Based upon the entire evidence, we are left with the definite and firm conviction that a mistake has been made. The probate court faced a very difficult matter. Nonetheless, we are persuaded that its order terminating respondent’s parental rights is not supported by clear and convincing evidence that termination was warranted. Accordingly, we reverse and remand this case.

We note in passing that respondent mother, Sherry Miller, who is not a party to this appeal, appeared at oral argument in this case and notified this Court that she had never received notice of her appellate rights. On remand, the probate court is to determine whether Sherry Miller received such notice.

Reversed and remanded.

J. T. Corden, J., concurred.

The rights of respondent’s wife, Sherry Miller, were terminated at the same proceeding. She has not appealed from the order.
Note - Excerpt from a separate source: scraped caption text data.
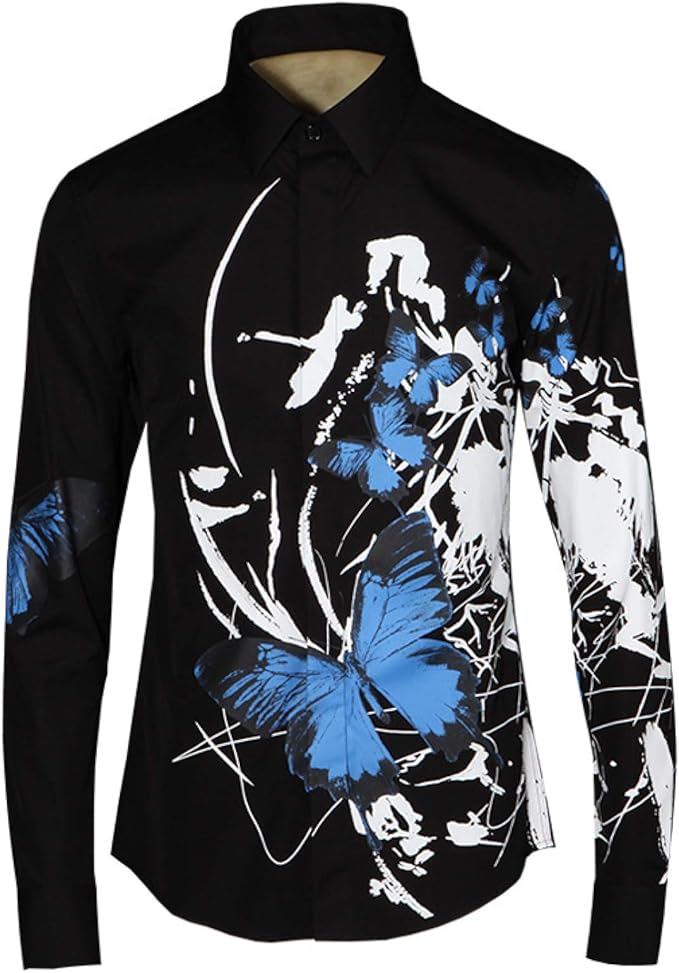 HOSD Men's New Ink Butterfly Shirt Men's Long Sleeve Amazon.co.uk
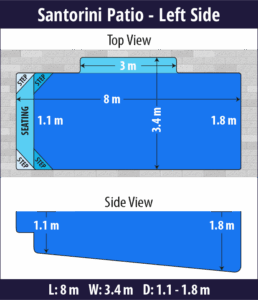 Santorini Patio pool shell dimensions diagram — Cosmo Pools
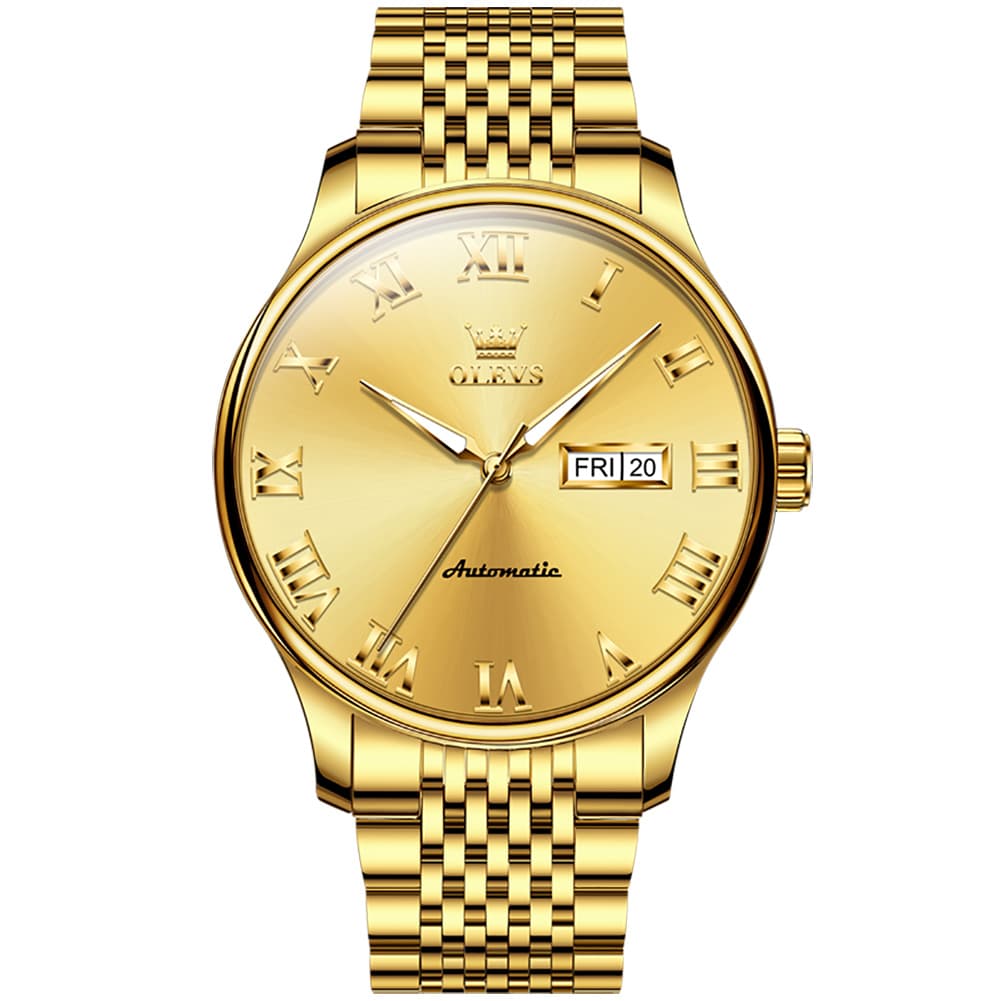 OLEVS Roman Numeral Day Date Automatic Mechanical Watch 9929 for Men - Two Tone White Watch | Olevs Watch Store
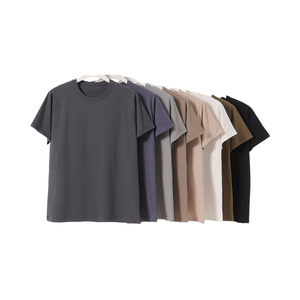 Heavyweight T-shirt Custom Blank Unisex Short Sleeve Oversized <b>Plain</b> <b>Tshirt</b> Tee Cropped Boxy Men T-shirt for men loose fit - Product Image 3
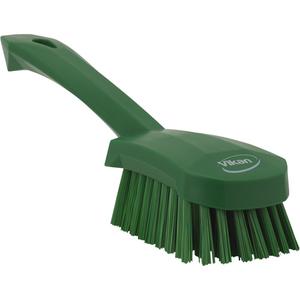 Short-Handled Churn Brush - Scrub, Green, 10", Stiff, 2-3/4", Polypropylene, Polyester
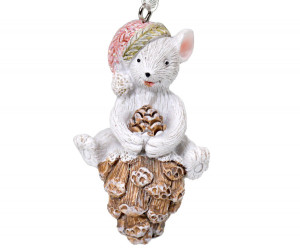 Nutmeg the Mouse Pine Cone Decoration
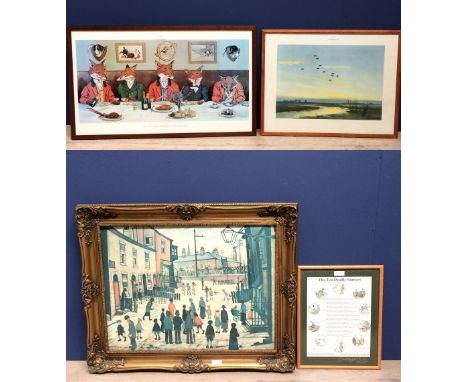 After H Neilson colour print' Mr Fox's Hunt Breakfast On Xmas Day' &amp; 3 other prints framed &amp; glazed 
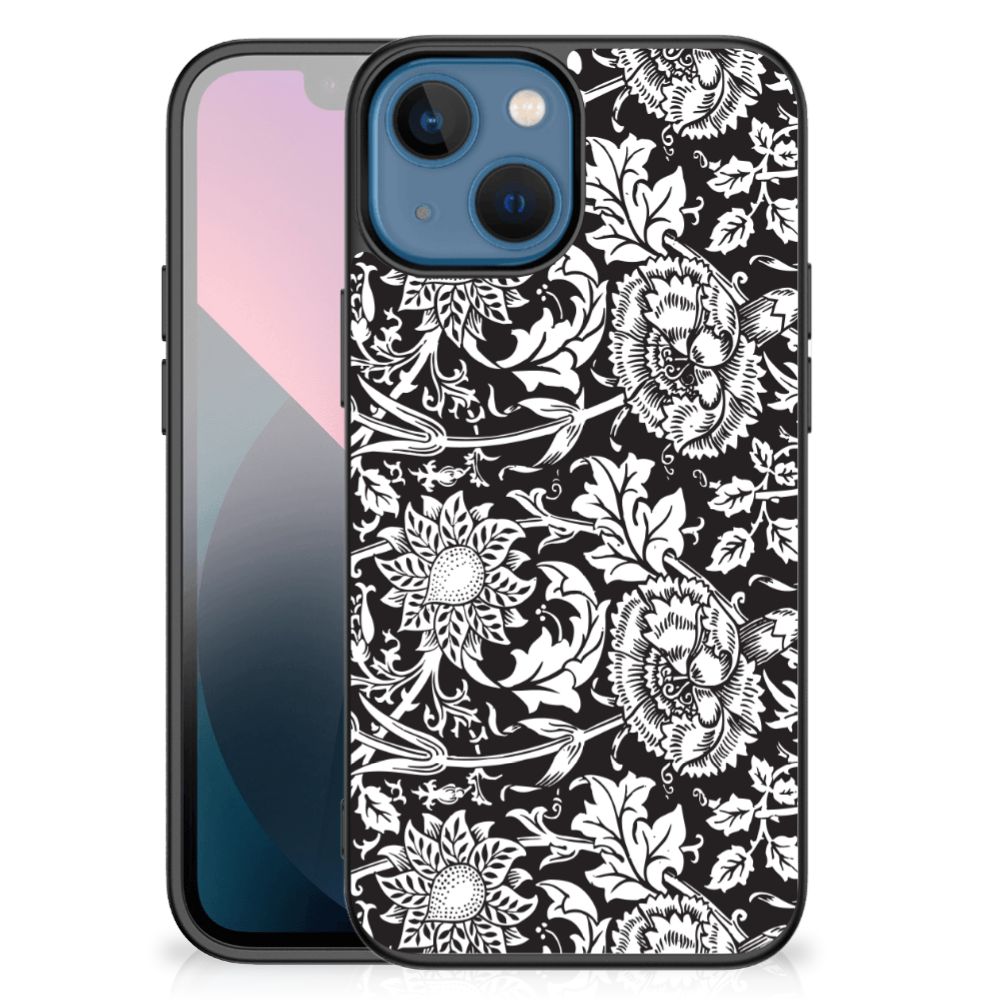 Apple iPhone 13 mini Bloemen Hoesje Black Flowers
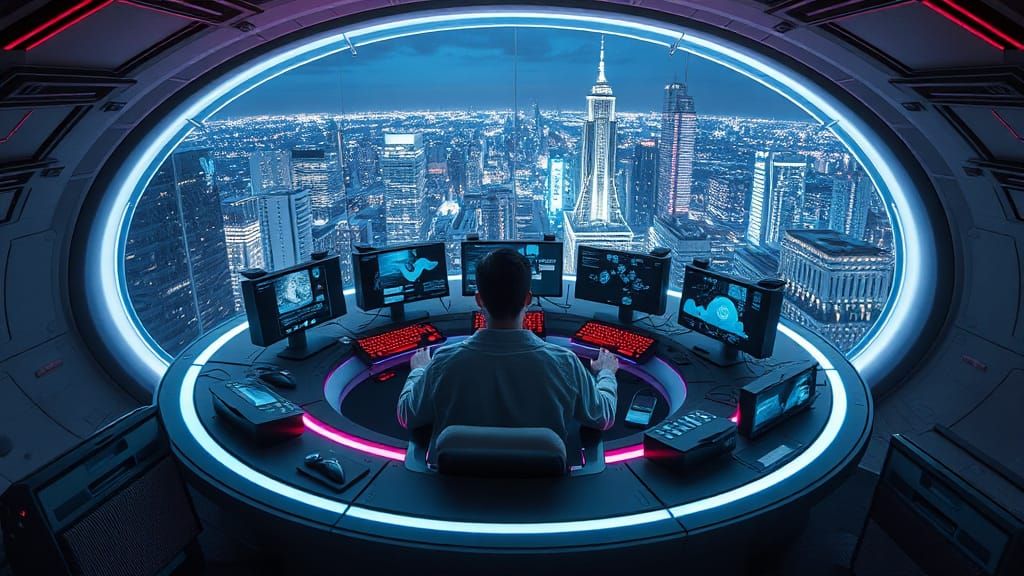 Person sitting inside of a disc shaped future tech desk with...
Respondent had previously changed shifts so that he could work during the evenings and be available for court proceedings during the day.






Dissenting Opinion

M. J. Kelly, P.J.

(dissenting). I would affirm. I find there was clear and convincing evidence that respondent’s parental rights should be terminated under MCL 712A.19a(f); MSA 27.3178(598.19a)(f). Respondent-appellant had a history of difficulty with his own parents and had abused this child dramatically on occasions. The social worker testi*82fied that on August 10, 1984, she received an emergency call from the mother of the child. The mother informed her that respondent had ignored the child when the child told him that he had to go to the bathroom. The mother discovered respondent holding the child in the air by his hair. The child had messed his pants, and respondent had angrily rubbed feces on the child’s face. It would take a lot more than a few good grades in parenting classes to erase the spectacle of that degrading brutality.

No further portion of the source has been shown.